İçinizdeki suskun çocuğa kulak verin!
Pek çoğumuz, yeni bir lisan öğrenmeyi yalnızca hafızanın, dil bilgisinin ve kelime dağarcığının mekanik bir talimi olarak görürüz. Şayet iş bu kadar basit olsaydı, millî irfanımızın birer yansıması olan nice zeki, donanımlı vatan evladı, iki kelamı bir araya getirecekken neden ansızın dili tutulmuş gibi kalakalır? Unutmayalım, aziz okuyucularım, bazen bizi durduran bilgi eksikliği değildir, hayır, o değil. Korkudur. Kelime unutma korkusundan öte; mukayese edilme, "el ne der" endişesi, öz benliğinin, o en mahrem, belki de en millî köşelerinin adeta hoyratça ortaya serilme korkusudur bu. Dil öğrenmek, zihinsel bir faaliyet olmanın çok ötesinde, benliğimizin ve dolayısıyla millî karakterimizin de bir ifadesi olabilecek, derinlemesine kişisel ve aynı zamanda millî bir hissiyatla yoğrulmuş duygusal bir serüvendir. Yeni bir dilde, hatta kendi ana sütümüz kadar helal olan o güzel Türkçemizde dahi ağzımızı her açtığımızda, sadece kendimizden bir parçayı değil, bizi biz yapan o yüce değerleri, o eşsiz kültürümüzün, şanlı tarihimizin bir nebzesini de ortaya koyarız. Kusurlarımızı sergilerken dahi, öğrenme ve gelişme azmimiz, bu necip milletin evlatlarına has o yılmazlığın, o mücadele ruhunun bir nişanesidir. Yanlış anlaşılma, düzeltilme, küçümsenme veya alay edilme riskini göze almak, aslında karakterimizin ve cesaretimizin de bir imtihanıdır. İşte bu duygusal çıplaklık, bazen insanı adeta felç edebilir, sesini kısabilir, içindeki o cevheri susturabilir.

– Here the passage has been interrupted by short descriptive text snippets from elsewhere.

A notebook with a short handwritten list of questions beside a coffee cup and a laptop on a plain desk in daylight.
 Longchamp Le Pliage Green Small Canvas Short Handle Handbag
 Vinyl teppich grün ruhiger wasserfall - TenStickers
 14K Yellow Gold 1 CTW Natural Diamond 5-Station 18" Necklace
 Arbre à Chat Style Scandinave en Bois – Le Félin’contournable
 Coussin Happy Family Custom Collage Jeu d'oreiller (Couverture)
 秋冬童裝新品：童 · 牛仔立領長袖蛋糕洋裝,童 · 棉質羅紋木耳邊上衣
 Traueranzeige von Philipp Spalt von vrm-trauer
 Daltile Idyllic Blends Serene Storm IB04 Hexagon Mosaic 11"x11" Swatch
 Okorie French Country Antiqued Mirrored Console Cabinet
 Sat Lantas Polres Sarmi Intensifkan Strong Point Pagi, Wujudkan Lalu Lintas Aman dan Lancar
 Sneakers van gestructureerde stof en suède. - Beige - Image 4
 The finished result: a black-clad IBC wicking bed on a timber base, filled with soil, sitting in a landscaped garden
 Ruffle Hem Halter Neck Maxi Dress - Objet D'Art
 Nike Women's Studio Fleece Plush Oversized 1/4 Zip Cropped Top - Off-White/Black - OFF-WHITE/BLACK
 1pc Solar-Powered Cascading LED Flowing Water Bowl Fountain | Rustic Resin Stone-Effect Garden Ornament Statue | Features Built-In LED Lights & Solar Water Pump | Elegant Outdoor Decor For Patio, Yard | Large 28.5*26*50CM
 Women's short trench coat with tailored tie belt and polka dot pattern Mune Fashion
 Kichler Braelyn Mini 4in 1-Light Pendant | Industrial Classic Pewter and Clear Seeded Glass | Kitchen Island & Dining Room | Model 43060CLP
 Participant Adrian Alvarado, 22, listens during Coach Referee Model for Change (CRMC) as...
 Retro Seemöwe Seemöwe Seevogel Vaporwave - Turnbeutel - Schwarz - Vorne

Danışanlarımdan, istikbalimizin teminatı olan pırıl pırıl gençlerimizden, öğrencilerimden duyduğum, zihinlerinde çakan şimşekleri kelimelere dökemeyen nice parlak zekâdan yükselen feryatlar vardır: "Türkçe kompozisyon yazarken kalemim su gibi akar, kelimeler adeta millî bir coşkuyla dökülür ama topluluk önünde konuşurken dilim damağıma yapışıyor." yahut "Bir cümleyi ağzımdan çıkarmadan evvel kafamda yüz kere tekrar ediyorum, sanki Çanakkale’de düşmana karşı mevzi alıyorum." ya da "Her şeyi anlasam bile konuşmaya başlayınca kendimi cahil gibi hissediyorum, bu durum benliğime, millî özgüvenime dahi tesir ediyor." Bunlar münferit hikâyeler değil, ne yazık ki sıkça tekerrür eden ve geleceğimizin mimarı olacak nesillerimizi, o kıymetli fidanlarımızı derinden etkileyen acı örüntülerdir. Ve hepsi, ders kitaplarının, o kuru bilgilerin asla değinmediği bir noktaya işaret eder: sesimizle taşıdığımız, kökleri mazimizin derinliklerinde olan o duygusal mirasımız, o içimizdeki suskun çocuk.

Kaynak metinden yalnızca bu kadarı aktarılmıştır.